◆ Data extracted from a collection ◆
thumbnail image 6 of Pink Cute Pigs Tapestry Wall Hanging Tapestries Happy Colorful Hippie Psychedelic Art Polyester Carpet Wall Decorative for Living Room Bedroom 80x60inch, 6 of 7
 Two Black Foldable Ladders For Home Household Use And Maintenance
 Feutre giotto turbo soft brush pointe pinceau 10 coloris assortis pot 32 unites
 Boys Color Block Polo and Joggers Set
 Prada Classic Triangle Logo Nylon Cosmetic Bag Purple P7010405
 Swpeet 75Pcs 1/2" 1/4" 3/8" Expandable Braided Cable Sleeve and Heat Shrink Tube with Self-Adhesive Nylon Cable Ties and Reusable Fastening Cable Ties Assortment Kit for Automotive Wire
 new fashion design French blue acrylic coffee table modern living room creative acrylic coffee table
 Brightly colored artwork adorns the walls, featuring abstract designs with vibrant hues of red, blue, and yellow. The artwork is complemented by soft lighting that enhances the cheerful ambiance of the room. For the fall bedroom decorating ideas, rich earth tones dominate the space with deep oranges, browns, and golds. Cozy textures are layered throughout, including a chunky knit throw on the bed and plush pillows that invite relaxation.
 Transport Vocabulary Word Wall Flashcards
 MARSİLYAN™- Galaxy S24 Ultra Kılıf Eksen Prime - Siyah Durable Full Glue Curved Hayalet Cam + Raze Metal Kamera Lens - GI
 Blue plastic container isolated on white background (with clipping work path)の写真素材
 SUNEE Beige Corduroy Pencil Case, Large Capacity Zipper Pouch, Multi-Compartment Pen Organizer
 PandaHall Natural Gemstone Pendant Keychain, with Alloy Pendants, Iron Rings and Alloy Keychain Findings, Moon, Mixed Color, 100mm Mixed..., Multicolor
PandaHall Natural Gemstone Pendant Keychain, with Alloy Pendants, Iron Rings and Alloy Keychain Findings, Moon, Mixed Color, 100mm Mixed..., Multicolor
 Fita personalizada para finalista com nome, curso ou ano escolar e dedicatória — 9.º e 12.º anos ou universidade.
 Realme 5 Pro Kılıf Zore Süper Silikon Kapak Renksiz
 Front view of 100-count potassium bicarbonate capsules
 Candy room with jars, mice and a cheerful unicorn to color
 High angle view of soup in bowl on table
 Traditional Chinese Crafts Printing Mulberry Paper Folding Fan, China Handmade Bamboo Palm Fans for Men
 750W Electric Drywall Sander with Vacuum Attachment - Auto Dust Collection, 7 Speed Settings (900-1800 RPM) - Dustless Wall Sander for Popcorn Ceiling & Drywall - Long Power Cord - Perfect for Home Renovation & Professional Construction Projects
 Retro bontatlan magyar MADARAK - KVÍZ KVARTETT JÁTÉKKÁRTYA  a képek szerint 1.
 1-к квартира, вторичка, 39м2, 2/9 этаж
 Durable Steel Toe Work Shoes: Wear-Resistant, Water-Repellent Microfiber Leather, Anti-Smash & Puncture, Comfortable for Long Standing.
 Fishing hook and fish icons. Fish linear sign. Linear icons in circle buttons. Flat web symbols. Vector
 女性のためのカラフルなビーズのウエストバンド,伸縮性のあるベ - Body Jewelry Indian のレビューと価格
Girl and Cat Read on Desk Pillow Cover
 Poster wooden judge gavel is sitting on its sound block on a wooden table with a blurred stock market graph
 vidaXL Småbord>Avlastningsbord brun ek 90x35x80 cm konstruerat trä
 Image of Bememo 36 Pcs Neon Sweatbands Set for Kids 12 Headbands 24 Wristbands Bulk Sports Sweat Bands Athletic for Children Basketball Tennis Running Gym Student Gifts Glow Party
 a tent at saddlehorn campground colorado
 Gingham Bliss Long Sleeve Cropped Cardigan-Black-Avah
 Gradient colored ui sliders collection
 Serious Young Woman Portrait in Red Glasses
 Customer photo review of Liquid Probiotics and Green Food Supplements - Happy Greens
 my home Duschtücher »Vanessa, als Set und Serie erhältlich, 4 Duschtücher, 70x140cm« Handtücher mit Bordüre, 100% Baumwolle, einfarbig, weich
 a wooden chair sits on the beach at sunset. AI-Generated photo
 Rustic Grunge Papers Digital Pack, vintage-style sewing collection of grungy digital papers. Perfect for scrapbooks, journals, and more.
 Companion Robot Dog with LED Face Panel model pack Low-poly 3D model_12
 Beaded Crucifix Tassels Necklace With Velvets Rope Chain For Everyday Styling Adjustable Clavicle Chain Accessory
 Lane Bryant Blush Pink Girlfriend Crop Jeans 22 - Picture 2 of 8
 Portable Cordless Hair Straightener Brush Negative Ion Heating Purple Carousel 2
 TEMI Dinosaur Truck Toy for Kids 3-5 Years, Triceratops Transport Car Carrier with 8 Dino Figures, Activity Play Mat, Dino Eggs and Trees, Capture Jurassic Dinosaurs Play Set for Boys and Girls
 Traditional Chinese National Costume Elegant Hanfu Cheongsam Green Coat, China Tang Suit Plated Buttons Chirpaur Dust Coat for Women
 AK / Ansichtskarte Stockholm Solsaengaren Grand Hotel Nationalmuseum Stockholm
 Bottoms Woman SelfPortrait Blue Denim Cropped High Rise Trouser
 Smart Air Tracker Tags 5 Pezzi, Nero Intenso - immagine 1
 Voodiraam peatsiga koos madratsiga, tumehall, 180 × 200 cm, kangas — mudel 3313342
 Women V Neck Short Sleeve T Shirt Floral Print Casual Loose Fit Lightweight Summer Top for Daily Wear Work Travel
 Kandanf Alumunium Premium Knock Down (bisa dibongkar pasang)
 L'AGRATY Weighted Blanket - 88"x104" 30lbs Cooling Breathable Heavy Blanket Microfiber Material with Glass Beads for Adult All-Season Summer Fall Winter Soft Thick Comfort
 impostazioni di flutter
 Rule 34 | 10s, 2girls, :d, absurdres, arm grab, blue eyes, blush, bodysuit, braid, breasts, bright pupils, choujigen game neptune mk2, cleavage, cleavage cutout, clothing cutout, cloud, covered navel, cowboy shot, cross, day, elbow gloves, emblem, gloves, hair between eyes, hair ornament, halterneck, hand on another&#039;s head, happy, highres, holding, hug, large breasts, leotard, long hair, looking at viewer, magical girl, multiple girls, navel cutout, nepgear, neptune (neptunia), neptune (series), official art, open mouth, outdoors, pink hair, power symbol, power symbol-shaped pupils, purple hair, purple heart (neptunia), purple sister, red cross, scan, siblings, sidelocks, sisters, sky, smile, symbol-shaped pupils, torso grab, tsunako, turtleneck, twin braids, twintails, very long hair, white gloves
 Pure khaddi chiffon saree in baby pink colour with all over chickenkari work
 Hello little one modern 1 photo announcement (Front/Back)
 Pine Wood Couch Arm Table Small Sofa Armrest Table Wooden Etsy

◆ What you should do ◆
Take the lines above and print them exactly.

◆ Result of the task ◆
thumbnail image 6 of Pink Cute Pigs Tapestry Wall Hanging Tapestries Happy Colorful Hippie Psychedelic Art Polyester Carpet Wall Decorative for Living Room Bedroom 80x60inch, 6 of 7
 Two Black Foldable Ladders For Home Household Use And Maintenance
 Feutre giotto turbo soft brush pointe pinceau 10 coloris assortis pot 32 unites
 Boys Color Block Polo and Joggers Set
 Prada Classic Triangle Logo Nylon Cosmetic Bag Purple P7010405
 Swpeet 75Pcs 1/2" 1/4" 3/8" Expandable Braided Cable Sleeve and Heat Shrink Tube with Self-Adhesive Nylon Cable Ties and Reusable Fastening Cable Ties Assortment Kit for Automotive Wire
 new fashion design French blue acrylic coffee table modern living room creative acrylic coffee table
 Brightly colored artwork adorns the walls, featuring abstract designs with vibrant hues of red, blue, and yellow. The artwork is complemented by soft lighting that enhances the cheerful ambiance of the room. For the fall bedroom decorating ideas, rich earth tones dominate the space with deep oranges, browns, and golds. Cozy textures are layered throughout, including a chunky knit throw on the bed and plush pillows that invite relaxation.
 Transport Vocabulary Word Wall Flashcards
 MARSİLYAN™- Galaxy S24 Ultra Kılıf Eksen Prime - Siyah Durable Full Glue Curved Hayalet Cam + Raze Metal Kamera Lens - GI
 Blue plastic container isolated on white background (with clipping work path)の写真素材
 SUNEE Beige Corduroy Pencil Case, Large Capacity Zipper Pouch, Multi-Compartment Pen Organizer
 PandaHall Natural Gemstone Pendant Keychain, with Alloy Pendants, Iron Rings and Alloy Keychain Findings, Moon, Mixed Color, 100mm Mixed..., Multicolor
PandaHall Natural Gemstone Pendant Keychain, with Alloy Pendants, Iron Rings and Alloy Keychain Findings, Moon, Mixed Color, 100mm Mixed..., Multicolor
 Fita personalizada para finalista com nome, curso ou ano escolar e dedicatória — 9.º e 12.º anos ou universidade.
 Realme 5 Pro Kılıf Zore Süper Silikon Kapak Renksiz
 Front view of 100-count potassium bicarbonate capsules
 Candy room with jars, mice and a cheerful unicorn to color
 High angle view of soup in bowl on table
 Traditional Chinese Crafts Printing Mulberry Paper Folding Fan, China Handmade Bamboo Palm Fans for Men
 750W Electric Drywall Sander with Vacuum Attachment - Auto Dust Collection, 7 Speed Settings (900-1800 RPM) - Dustless Wall Sander for Popcorn Ceiling & Drywall - Long Power Cord - Perfect for Home Renovation & Professional Construction Projects
 Retro bontatlan magyar MADARAK - KVÍZ KVARTETT JÁTÉKKÁRTYA  a képek szerint 1.
 1-к квартира, вторичка, 39м2, 2/9 этаж
 Durable Steel Toe Work Shoes: Wear-Resistant, Water-Repellent Microfiber Leather, Anti-Smash & Puncture, Comfortable for Long Standing.
 Fishing hook and fish icons. Fish linear sign. Linear icons in circle buttons. Flat web symbols. Vector
 女性のためのカラフルなビーズのウエストバンド,伸縮性のあるベ - Body Jewelry Indian のレビューと価格
Girl and Cat Read on Desk Pillow Cover
 Poster wooden judge gavel is sitting on its sound block on a wooden table with a blurred stock market graph
 vidaXL Småbord>Avlastningsbord brun ek 90x35x80 cm konstruerat trä
 Image of Bememo 36 Pcs Neon Sweatbands Set for Kids 12 Headbands 24 Wristbands Bulk Sports Sweat Bands Athletic for Children Basketball Tennis Running Gym Student Gifts Glow Party
 a tent at saddlehorn campground colorado
 Gingham Bliss Long Sleeve Cropped Cardigan-Black-Avah
 Gradient colored ui sliders collection
 Serious Young Woman Portrait in Red Glasses
 Customer photo review of Liquid Probiotics and Green Food Supplements - Happy Greens
 my home Duschtücher »Vanessa, als Set und Serie erhältlich, 4 Duschtücher, 70x140cm« Handtücher mit Bordüre, 100% Baumwolle, einfarbig, weich
 a wooden chair sits on the beach at sunset. AI-Generated photo
 Rustic Grunge Papers Digital Pack, vintage-style sewing collection of grungy digital papers. Perfect for scrapbooks, journals, and more.
 Companion Robot Dog with LED Face Panel model pack Low-poly 3D model_12
 Beaded Crucifix Tassels Necklace With Velvets Rope Chain For Everyday Styling Adjustable Clavicle Chain Accessory
 Lane Bryant Blush Pink Girlfriend Crop Jeans 22 - Picture 2 of 8
 Portable Cordless Hair Straightener Brush Negative Ion Heating Purple Carousel 2
 TEMI Dinosaur Truck Toy for Kids 3-5 Years, Triceratops Transport Car Carrier with 8 Dino Figures, Activity Play Mat, Dino Eggs and Trees, Capture Jurassic Dinosaurs Play Set for Boys and Girls
 Traditional Chinese National Costume Elegant Hanfu Cheongsam Green Coat, China Tang Suit Plated Buttons Chirpaur Dust Coat for Women
 AK / Ansichtskarte Stockholm Solsaengaren Grand Hotel Nationalmuseum Stockholm
 Bottoms Woman SelfPortrait Blue Denim Cropped High Rise Trouser
 Smart Air Tracker Tags 5 Pezzi, Nero Intenso - immagine 1
 Voodiraam peatsiga koos madratsiga, tumehall, 180 × 200 cm, kangas — mudel 3313342
 Women V Neck Short Sleeve T Shirt Floral Print Casual Loose Fit Lightweight Summer Top for Daily Wear Work Travel
 Kandanf Alumunium Premium Knock Down (bisa dibongkar pasang)
 L'AGRATY Weighted Blanket - 88"x104" 30lbs Cooling Breathable Heavy Blanket Microfiber Material with Glass Beads for Adult All-Season Summer Fall Winter Soft Thick Comfort
 impostazioni di flutter
 Rule 34 | 10s, 2girls, :d, absurdres, arm grab, blue eyes, blush, bodysuit, braid, breasts, bright pupils, choujigen game neptune mk2, cleavage, cleavage cutout, clothing cutout, cloud, covered navel, cowboy shot, cross, day, elbow gloves, emblem, gloves, hair between eyes, hair ornament, halterneck, hand on another&#039;s head, happy, highres, holding, hug, large breasts, leotard, long hair, looking at viewer, magical girl, multiple girls, navel cutout, nepgear, neptune (neptunia), neptune (series), official art, open mouth, outdoors, pink hair, power symbol, power symbol-shaped pupils, purple hair, purple heart (neptunia), purple sister, red cross, scan, siblings, sidelocks, sisters, sky, smile, symbol-shaped pupils, torso grab, tsunako, turtleneck, twin braids, twintails, very long hair, white gloves
 Pure khaddi chiffon saree in baby pink colour with all over chickenkari work
 Hello little one modern 1 photo announcement (Front/Back)
 Pine Wood Couch Arm Table Small Sofa Armrest Table Wooden Etsy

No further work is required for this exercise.